Confessions of a wound from a broken bottle

I've heard it said that people have the possibility to make every action an act of worship for God. How is this possible in the sinful body I occupy coupled with the earth around me? Being "born again" as Jesus termed means to trust and wager your life with His every word. God the Father is contracted to remain faithful because of His plans and the completion of those through his Son.

In a personal hypothesis, I imagine God the Father being repelled at the over abundance of what destruction and death sin has caused amongst the earth, civil people and even family. In the Bible, God clearly states His hatrid of sin makes me value how unforgiving He should be if it weren't for Jesus Christ. I don't know God's thoughts (except what is shown to me in the Bible). As a new believer I have confessed my sins, nailed Christ on that cross, saw His blood so unfairly pour out onto my wickedness and shame for a division from my sins. Satan is my enemy and I am justified in hating that which is evil.
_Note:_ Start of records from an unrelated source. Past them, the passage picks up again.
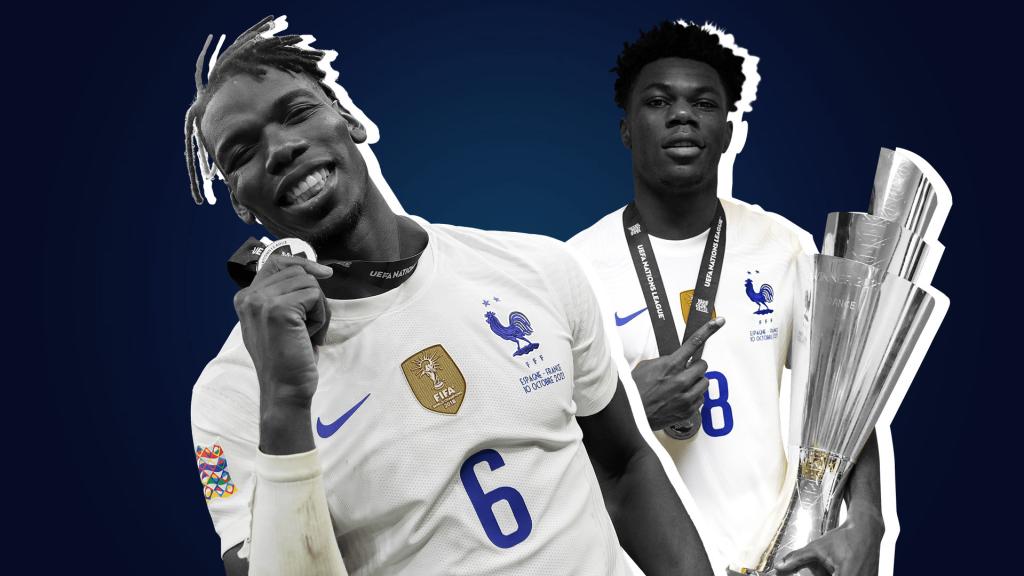 Pogba y Tchouameni, en un fotomontaje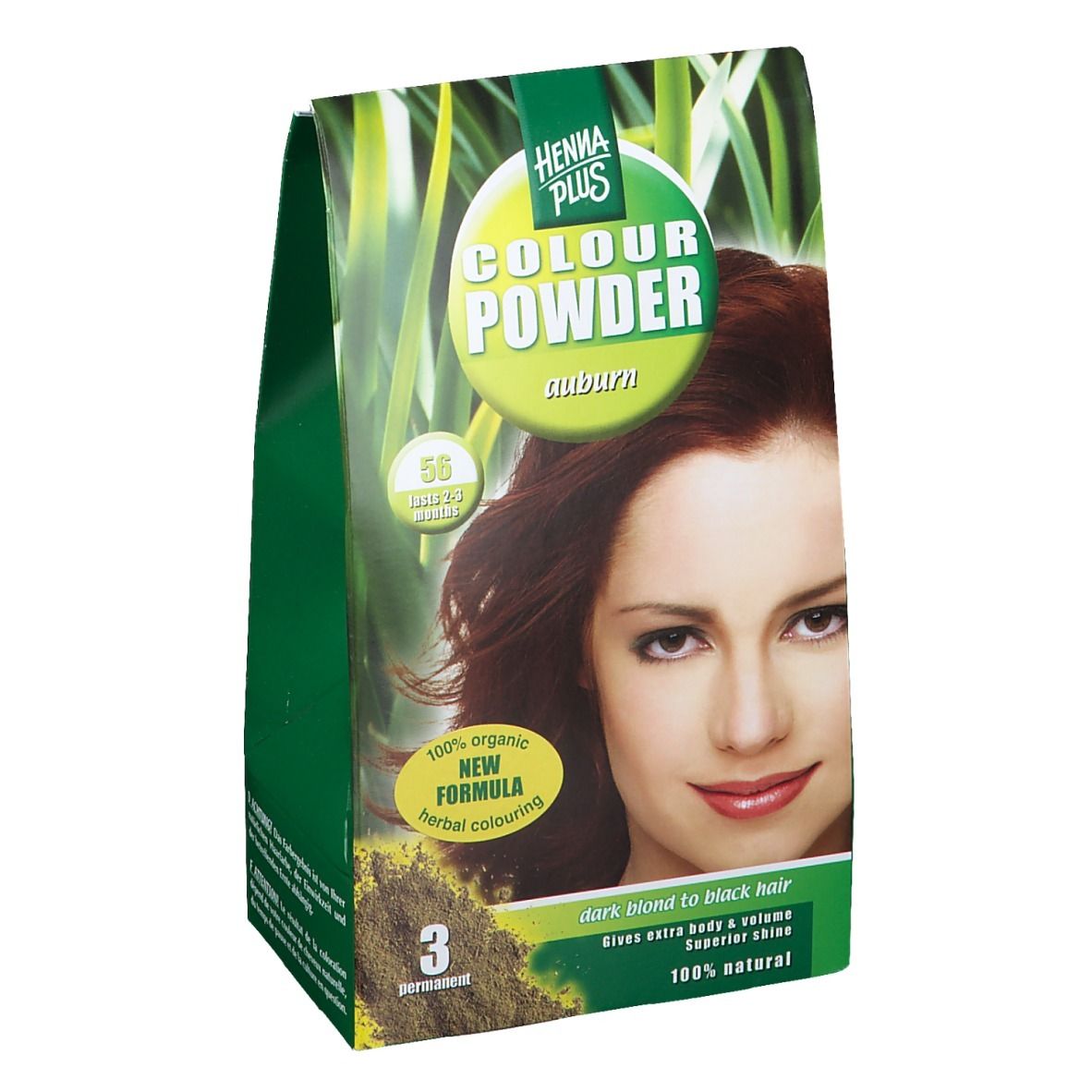 Hennaplus Colour Powder auburn 56 100 g Pulver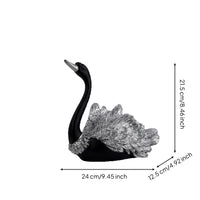Swan Storage Ornament Decorative Swan Statue with Tray Carved for Entryway, Living Room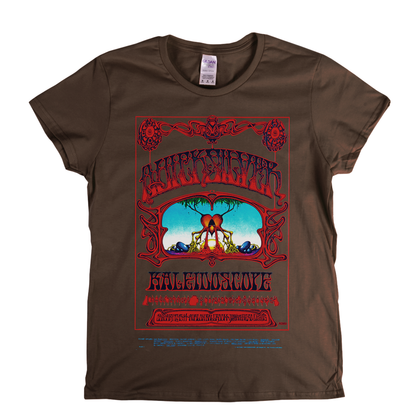 Quicksilver Kaleidoscope Poster Womens T-Shirt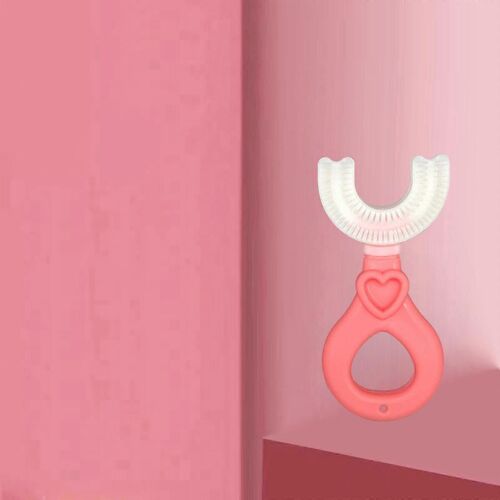 Brosse À Dents Pour Enfants En Forme De U 2-12 Ans Nourrissons Et Tout-Petits Avec Silicone Soft Hair Tooth Cleaning Artifact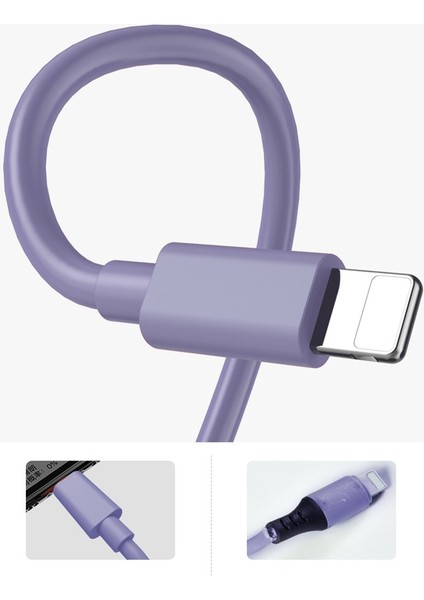 Sıvı Silikon Kablo Şarj Cihazı IPhone 11 Pro Max x Xr Xs 8 7 6 6s 5 5s IPad Kablosu Şarj Şarj Aleti Kablosu Için IPhone Kablosu (Yurt Dışından) fiyatları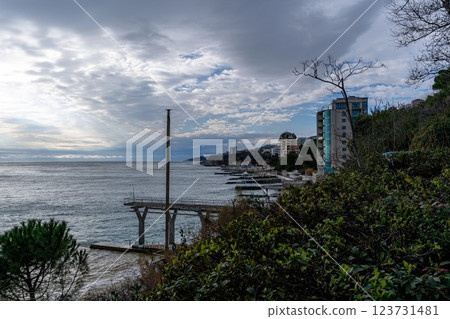 View of the sea and the embankment 123731481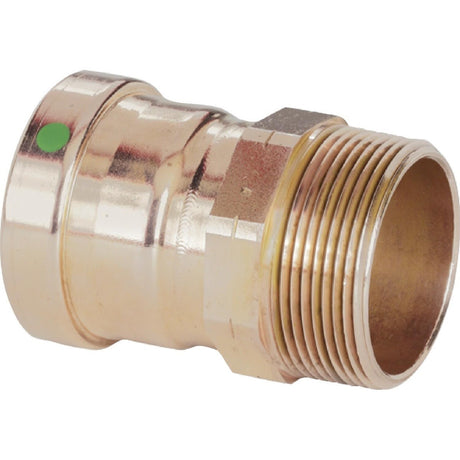 Viega 20823 (0911XL) 2 1/2 in Press x 2 1/2 in MPT Copper ProPress Adapter (1 Each)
Jesus Christ took every one of His actions as an act of worship for God. He showed me it is possible; and to prove that He is Lord He included every one of His words as an act of worship For God. Thus being the innocent lamb, our final sacrifice (atonement for sin). Christ is all truth, lived in action and the epicenter of love.

My clean cut from the lineage to Adam and Eve was on November tenth 2006. I am a child of God forgiven of evil through Christ. Sin and evil still tempt me because the Devil never imagined my turnaround. Its harder now, yet Satan is a test that Christ Himself had to combat on earth. In light of His example and mercy I am not to conform to the pattern of this world. But to persue righteousenss hoping that one day every action I do becomes an act of worship for God.

I didn't think drinking liquor as a Christian would infringe on my personal relationship with Christ. Soon after trusting Christ endlessly... I found myself sharing my life with a bottle rather the the Bible. As a bachelor it seems harmless, but casting my cares and emotions onto this instead of my Savior was a sin. This temptation weaved to the level of destruction. I've endangered my health, jepordized my self love and ruined the money God has blessed me with.

All of this is not OK, so God placed this on my heart and with the help of Christ's body of believers on earth; I became equipped with the weapons to combat Satan and this temptation. That included Bible verses, watching a river as I cried for my sins and prayed for redemption from drunkeness, fellowship with believers, and knowing that prayers are being spoken to God about this.

Now I cannot be passive. I declared hatrid for liquor as a substance, and where the Devil has taken me with it. -Not judging those who drink or hating myself because I lived in drunkenness.

I have made this commitment and my will power is stronger in obediance to God. I don't forsee drinking again because of the deception that I endured because of it. It has been five nights of not drinking and I even had beer in the fridge. Last night I cleaned it out. The person I gave the beer to said: "Man, now I know you're serious about this."

Faith in Christ is a serious thing. My first prayer as a believer was for a slow conversion (due to the decptions of other faiths namely Buddhism and Catholicism). It has been slow but progressive. I am envigurated now by this progression and the different direction my life with God will take now. A brother in Christ that helped me through this said: "remember this battle for those moments of doubt in the battles to come!"